Three-ratio method is three correlative values of utilizing five kinds of characteristic gas, judges the method for transformer fault character.Its five kinds of characteristic gas that relate to are hydrogen (H2), methane (CH4), acetylene (C2H2), ethene (C2H4), ethane (C2H6), and three correlative values are respectively C2H2/C2H4, C2H4/H2 and C2H4/C2H6.

Attention: its precondition is to have gas content to exceed standard, and thinks namely that equipment exists under failure condition just can judge, various gas datas all judge nonsensical with this method in normal situation; And this method can only judge single failure, can't judge the various faults synergy.The fault table of comparisons is as follows:

Four ratioing technigues are a kind of a kind of ratio in judgement methods that Germany adopts, and the fault table of comparisons is as follows:

The electricity method of grinding is a kind of three-ratio method of improvement, and the fault table of comparisons is as follows:

TD figure method is to utilize the method for the another kind of failure judgement type of three correlative values, determines the equipment failure type by the mode of code check table equally, and the fault table of comparisons is as follows:

C2H2/C2H4 CH4/H2 C2H4/C2H6 Characteristic fault Situation NS① <0.1 <0.2 Shelf depreciation (see and annotate 3) PD >1 0.1~0.5 >1 Low-yield shelf depreciation U1 0.6~2.5 0.1~1 >2 The high-energy shelf depreciation D2 NS① >1 <1 Hot stall t<300 ℃ T1 <0.1 >1 1~4 300 ℃<t of hot stall<700 ℃ T2 <0.2② >1 >4 Hot stall t〉700 ℃ T3

David's triangular plot method is recently carried out the fault judgement by three kinds of shared percentages of gas, and judgment mode is as follows:

By three-ratio method, four ratioing technigues, electricity being ground after method, TD figure method, David's triangular plot method analyze, can find out that its major way is all to get Gas Ratio and scope thereof, the difference of Gas Ratio scope, draw different diagnosises, can expand similar algorithm in order to satisfy system, in whole system, the realization of flexible configuration, adopt the mode configuration relation of middle table, be used for processing flexibly dynamic expansion table and field, conveniently carry out the expansion of function.

Aid decision-making system 200 comprises risk evaluation model 210 and Strategies of Maintenance model 220, and described risk evaluation model 210 shines upon related with Strategies of Maintenance model 220 by middle table.

By the evaluation of equipment state and the fault diagnosis of defective mode equipment, the inherent vice that identification equipment is potential and outside threat, analytical equipment lost efficacy the loss of assets degree that threatens and the probability of happening of threat, draw the risk class of equipment in electrical network by the risk assessment algorithm, and then the formulation of support equipment Strategies of Maintenance, risk evaluation model 210 comprises classification determining unit 211, extent of damage determining unit 212, data processing unit 213;

Classification determining unit 211 is determined the classification grade of equipment aspect three of residing important level electrical network from the value of equipment self, power devices user's important level and equipment.
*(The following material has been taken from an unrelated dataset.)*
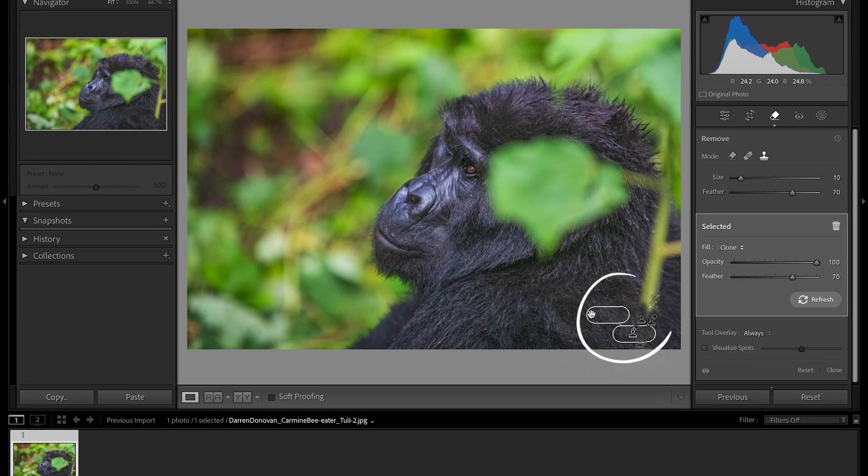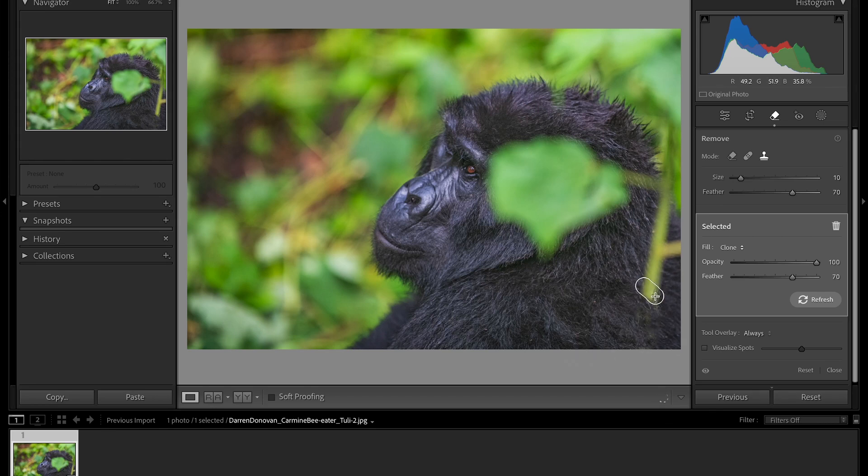How many images do you have in your catalogue that would have been perfect if it wasn't for some random irritating branch or leaf? Just enough to draw your eye away from the important parts of the image.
Extent of damage determining unit 212 by the factor of associate device and defective or threat, is calculated from aspects such as security, reliability, cost and social influences and is threatened the extent of damage that causes.

Data processing unit 213, the factor of the probability three aspects: of integrated asset classification, loss of assets degree and generation, the computing formula of value-at-risk is: R (t)=(At) * F (t) * P (t), wherein: t-sometime, A-assets, F-loss of assets degree, P-equipment failure rate, R-equipment Risk value;

Risk evaluation model 210 is mainly the computing formula by equipment Risk, obtains the value-at-risk of current device, offering the formulation of Tactial problem, and the related display module 300 of risk evaluation model 210.
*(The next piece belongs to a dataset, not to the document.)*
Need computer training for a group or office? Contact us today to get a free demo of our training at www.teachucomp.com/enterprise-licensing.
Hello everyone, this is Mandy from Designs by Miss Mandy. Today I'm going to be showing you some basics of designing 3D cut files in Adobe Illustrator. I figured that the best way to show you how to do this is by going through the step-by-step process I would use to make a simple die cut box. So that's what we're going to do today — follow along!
Strategies of Maintenance model 220 follows that the equipment state evaluation result is poorer, equipment Risk grade the give priority in arranging for principle of maintenance of Gao Zeyue more, sets up to consider the two-dimentional relation model that equipment state evaluation result and equipment Risk are estimated, and sets correlation parameter.

Strategies of Maintenance model 220 comprises maintenance order unit 221, overhauling project unit 222, maintenance level cells 223 and auxiliary policy unit 224, and described auxiliary policy unit 224 connects respectively maintenance order unit 221, overhauling project unit 222 and overhauls level cells 223.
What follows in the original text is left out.